## INTRODUCTION

A common idea that can be found in the large number of statistical techniques available to industrial practitioners engaged in process improvement and modelling work is information extraction. This idea of obtaining useful information from data is not new and is an important part of scientific investigation and business decision making. To obtain information from data for process improvement, the data must be collected and then analysed. With modern data acquisition and storage systems, ever larger volumes of data are becoming accessible. The volume of data that are available and the number of variables that can be used for model development can be difficult to manage.

The practitioner is often faced with a multitude of choices and no shortage of references on how to proceed with data analysis for a particular industrial project. For example, one may start with early references such as Shewhart (1980) who outlined a set of techniques that could be used to improve process operations and to better inform workers on how the underlying mechanisms of their processing plants are operating. The empirical modelling methods described by Deming (1943) show how data and models can be used together to provide a means to develop adjustments that account for measurement error. As a result, the adjusted data can better represent the underlying process on which they are measured. The improvement tools presented by Ishikawa (1976) and by The Western Electric Company (1956) can be applied to many industries and still act as a basic reference for fault detection, monitoring, and process improvement. The idea of continually improving a process was also described by Box (1957) where a procedure is given that can be used to find information on where the best operating point for a plant may be. The list goes on up to the present day with many similar references and descriptions of possible applications readily available (Mitra, 1998).

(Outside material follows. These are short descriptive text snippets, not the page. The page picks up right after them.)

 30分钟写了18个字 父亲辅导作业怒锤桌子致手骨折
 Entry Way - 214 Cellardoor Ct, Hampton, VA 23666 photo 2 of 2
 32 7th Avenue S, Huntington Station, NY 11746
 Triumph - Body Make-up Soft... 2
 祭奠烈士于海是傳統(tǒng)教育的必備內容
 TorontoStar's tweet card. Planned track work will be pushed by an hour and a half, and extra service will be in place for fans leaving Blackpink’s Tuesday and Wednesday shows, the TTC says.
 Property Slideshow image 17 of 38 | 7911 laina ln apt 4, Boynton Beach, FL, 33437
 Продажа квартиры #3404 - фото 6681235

Although the methods described above are generally applicable, they do not deal directly with many practical aspects of data analysis. When analysing industrial data, it quickly becomes apparent that the large number of variables that are typically available can become problematic if not treated properly. Problems in analysis can arise due to the condition and structure of the data themselves. Dependencies and colinearity in the data set can produce erroneous results if they are not accounted for. Many references such as the works by Draper and Smith (1981) and Morrison (1990) discuss this topic in varying degrees, and a particularly lucid and informative description of it is given by Box et al. (1973). In this work the authors describe some possible types of dependencies in a multivariate data set, how the dependencies can arise, be identified, and how they can be dealt with to improve a model. The diagnostic technique advocated by the authors involves the computation of the eigenvectors and eigenvalues of the covariance matrix of a data set. The information provided by the decomposition of the covariance matrix is the key in their analysis and their suggested course of action. Although the examples presented are focused on model fitting, the methods can be applied to data analysis in general, especially for process monitoring and improvement.

The concept of analysing the covariance structure to provide information on multivariate data sets has been used in many data-driven projects. Some useful references from Professor MacGregor and his colleagues at McMaster University are listed here. These references are significant because they focus on applications and provide practical means to deal with many of the difficulties in analysis that practitioners may face. A description of how multivariate statistical methods can be used to develop process monitoring methods for steady-state processes is given by Kresta et al. (1991). The authors also show how predictive models can be developed using partial least squares (PLS). In their work, the use of multivariate statistics for process monitoring and model predictions is suggested to deal with correlations in the variables. The important topic of developing models with incomplete data sets is discussed in Nelson et al. (1996). The authors describe a means to use the decomposition of the covariance matrix to fill in missing data values, thereby making models that are used for on-line process monitoring more robust. The development of monitoring methods for batch processes was described by Nomikos and MacGregor (1994). This article provides a suggestion on how to form data matrices in a way that can be applied to process fault detection and monitoring. Once formed, the data matrix is decomposed using singular vectors and singular values derived from principal components analysis (PCA). Also, the application of image analysis outlined by Yu et al. (2003) has provided some useful insight into how multivariate analysis of images can be performed to diagnose operational problems and to find opportunities for improvement. These methods can be particularly useful in processes that are difficult to measure using traditional instrumentation. Lastly, summaries of various applications of multivariate statistical modelling techniques were given by Kourti (2002, 2005). These summaries provide insight into the many useful features that multivariate modelling methods provide, in particular those that are useful in industrial settings.